勤続22年と自己紹介のあったグランドスタッフ田島真弓氏。第1ターミナル(2016年に閉鎖、取り壊し)の記憶とともにスーパードルフィンとの思い出やエピソードを語った

 続いて整備士の上田厚氏は、「毎年、新しい整備士が入社してきますが『いつも飛行機はキレイに』と伝えています。というのも、B3(737-500型機の略称)という飛行機は、離島路線などボーディングブリッジのない地方空港に行く機会が多いです。タラップから降りたお客さまはイルカのイラストの前で記念撮影されますので、常にキレイに保つように心掛けています。

 これから映像を見ていただきますが、B3の性能がよく分かると思います。例えるならコンパクトスポーツカーですね。着陸時も12~13秒で停止できるスピードまで減速できるなどの性能を持っている飛行機です。

 この飛行機が導入された年に、福岡空港に自前の格納庫ができました。これから福岡空港の滑走路増設の工事に伴い、取り壊しとなってしまいますが、この25年間の運航を支えてくれたハンガーです。同時に飛行機も退役となり非常に寂しい気持ちです」と、福岡空港と密接に関わってきたB3の歴史を振り返った。

整備士の上田厚氏は、導入当時から数々の転勤を経て福岡に戻り、その737-500型機への愛着を語った

 最後にキャプテンの岩田和也氏が登壇。「大きな最新型の飛行機が注目を集めるなか、こうしたナローな飛行機の魅力もあります。

 おおよそ一つの飛行機の製造期間は10~15年と言われていますが、737は、-500の前に-200などさまざまな機種があり、現在のNG(ネクストジェネレーション)へと約50年続いています。

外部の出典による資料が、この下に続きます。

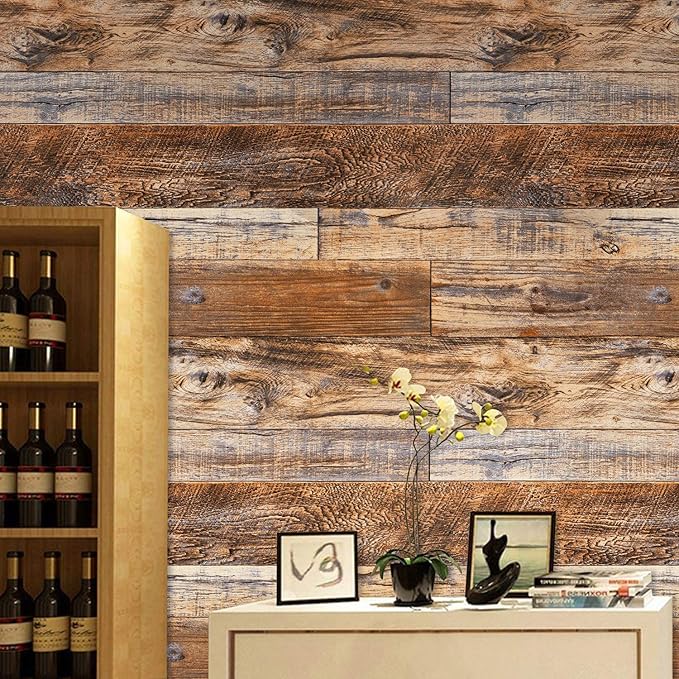 WENMER 17.71" x 1181" Brown Wood Wallpaper Peel and Stick Wallpaper Shiplap - Image 6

 737などの小型機はシアトルのレントン工場で組み立てられ、併設の滑走路から飛び立つことができます。航空博物館もあり、天井から吊り下げられた飛行機を眺めることができます。

 ローカル空港などでは、短い滑走路での離着陸が必要ということで、この737の導入が決まったという経緯があります」と紹介。さらに写真による機種ごとの違いを、クイズとして出題する形で進んだ。

最後にキャプテンである岩田和也氏から、737ファミリーの系譜や航空機の購入やリースにまつわる仕組みなど、子供から大人までが楽しめる内容で語った
岩田氏はスライドを使って、時にクイズ形式も織り交ぜながらの講話。737ファミリーの生まれ故郷であるアメリカ合衆国のシアトル州レントンなどを紹介

 すべての講話が終了し、参加者たちは再度バスに乗り込み、制限区域内に移動。目の前に現われたスーパードルフィンに乗り込んだ。使用された機材の登録記号はJA305K。今回のイベントでは930組の応募があったが、1機に乗り込める人数ということで、26組60名という非常に倍率の高い抽選となった。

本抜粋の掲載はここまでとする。